RMmqam: multivariate quasi-arithmetic mean
In RandomFields: Simulation and Analysis of Random Fields

Description Usage Arguments Details Value References See Also Examples

RMmqam is a multivariate stationary covariance model depending on a submodel phi such that psi( . ) := phi(sqrt( . )) is completely monotone, and depending on further stationary covariance models C_i.
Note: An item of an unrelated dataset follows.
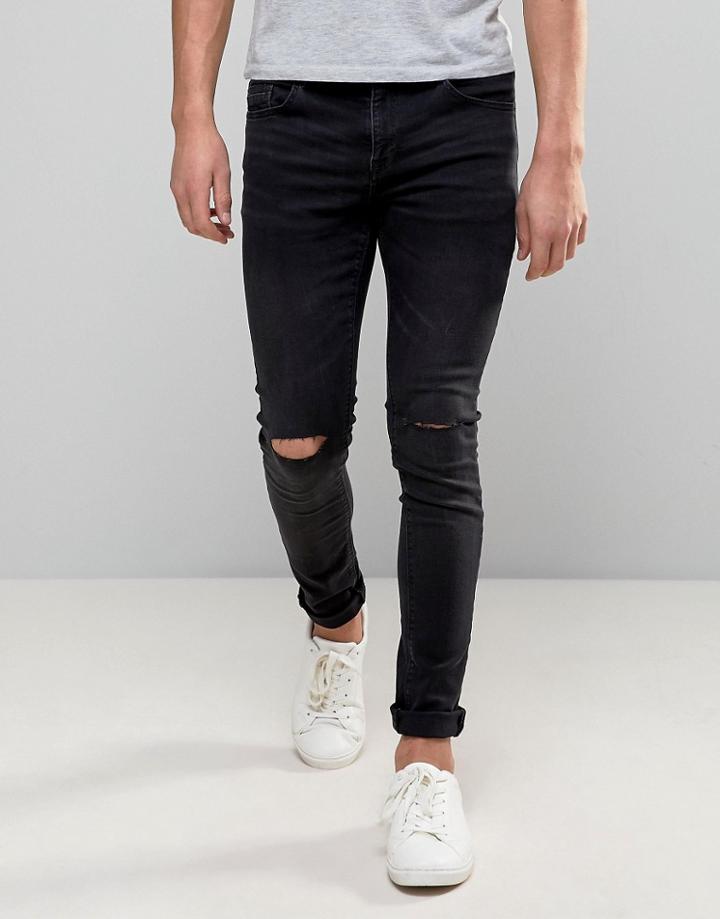 Pull & Bear Super Skinny Jeans With Knee Rips In Washed Black - Gray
The covariance is given by

C_{ij}(h) = φ(√(θ_i (φ^{-1}(C_i(h)))^2 + θ_j (φ^{-1}(C_j(h)))^2 ))

where φ is a completely monotone function, C_i are suitable covariance functions and θ_i≥0 such that ∑_i θ_i=1.

1	RMmqam(phi, C1, C2, C3, C4, C5, C6, C7, C8, C9, theta, var, scale, Aniso, proj)
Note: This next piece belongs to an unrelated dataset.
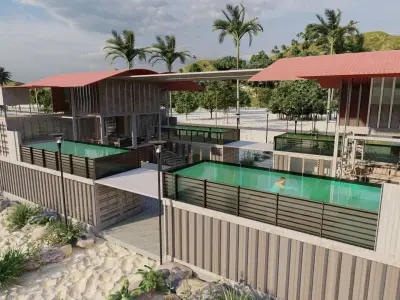 Temporary villa - villa condo - container building 3D model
`phi`	a valid covariance `RMmodel` that is a normal scale mixture. See, for instance, `RFgetModelNames(monotone="normal mixture")`
`C1, C2, C3, C4, C5, C6, C7, C8, C9`	optional further stationary `RMmodel`s
`theta`	is a vector of values in [0,1], summing up to 1.

var,scale,Aniso,proj

optional arguments; same meaning for any RMmodel. If not passed, the above covariance function remains unmodified.

Note that psi( . ) := phi(sqrt( . )) is completely monotone if and only if phi is a valid covariance function for all dimensions, e.g. RMstable, RMgauss, RMexponential.

Warning: RandomFields cannot check whether the combination of phi and C_i is valid.

RMmqam returns an object of class RMmodel.

Porcu, E., Mateu, J. & Christakos, G. (2009) Quasi-arithmetic means of covariance functions with potential applications to space-time data. Journal of Multivariate Analysis, 100, 1830–1844.

RMqam, RMmodel, RFsimulate, RFfit.

RFoptions(seed=0) ## *ANY* simulation will have the random seed 0; set
##                   RFoptions(seed=NA) to make them all random again

RFoptions(modus_operandi="sloppy")
model <- RMmqam(phi=RMgauss(),RMgauss(),RMexp(),theta=c(0.4, 0.6), scale=0.5)
x <- seq(0, 10, 0.02)
plot(model)
z <- RFsimulate(model=model, x=x)
plot(z)

RFoptions(modus_operandi="normal")